Given that KitGuru has had quite a few conversations with AMD in the past about the benefits for creating a simple PC, in the smallest possible form factor, that could perform a wide variety of tasks – it’s ironic that Intel is the company to launch the device. KitGuru takes a quick look at specs and prices to see if Intel has anything to challenge Sapphire’s Edge VS.
Intel calls the device, which measures 4 inches by 4 inches (10cm in new money), an NUC – or Next Unit Computer.
There are 2 models at launch, both of which use a Core i3 processor chugging along at 1.8GHz. For business, you get a pair of HDMI connectors and physical ethernet connection, which becomes wireless with Thunderbolt and a single HDMI for the home.

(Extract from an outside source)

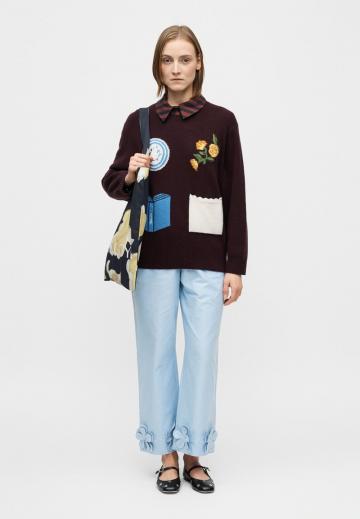 Пляжная сумка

Given that both have Intel’s fastest graphics solution, HD4000, it’s a fair bet that they use the low power mobile versions of the Core processor. The QS77 chipset mainboard included can take up to 16GB of SO-DIMM in its twin sockets.

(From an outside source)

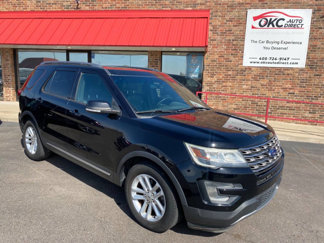Used 2016 Ford Explorer XLT w/ Equipment Group 202A image 1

Retailing at around £299 ($399), both of these NUCs have modest specs, but Intel is planning to push through an entire series – with Core i5 and even Core i7 models to follow.
Standardising on the size of the NUC seems to be a smart move. When commenting on the launch of the product, Intel stated that it had applications in the business and consumer markets – and could even be used in a car. So much for AMD having the embedded market to itself.
Sapphire’s drive on this kind of technology has been really impressive, with the recent launch of the Edge VS bringing next-gen game console levels of graphics power to market in a stylish little box.
Given that it’s top dedicated partner put such an effort into this kind of form factor, it’s surprising that AMD was not more firmly behind Sapphire with the big budget marketing that would be needed to firm up the new category with a wider audience.
One of Intel’s sales managers for APAC, VR Rajkumar, said, “While there isn’t much on the choice front at present, we’ll be having a ‘good, better, best’ motto. We’re going to have Celeron at the low end, and it will be Core i5 and Core i7 on the other. The benefit for resellers lies in the NUC’s form factor and quiet operation. The 4×4 inch build means that it is open to a large range of applications and markets”.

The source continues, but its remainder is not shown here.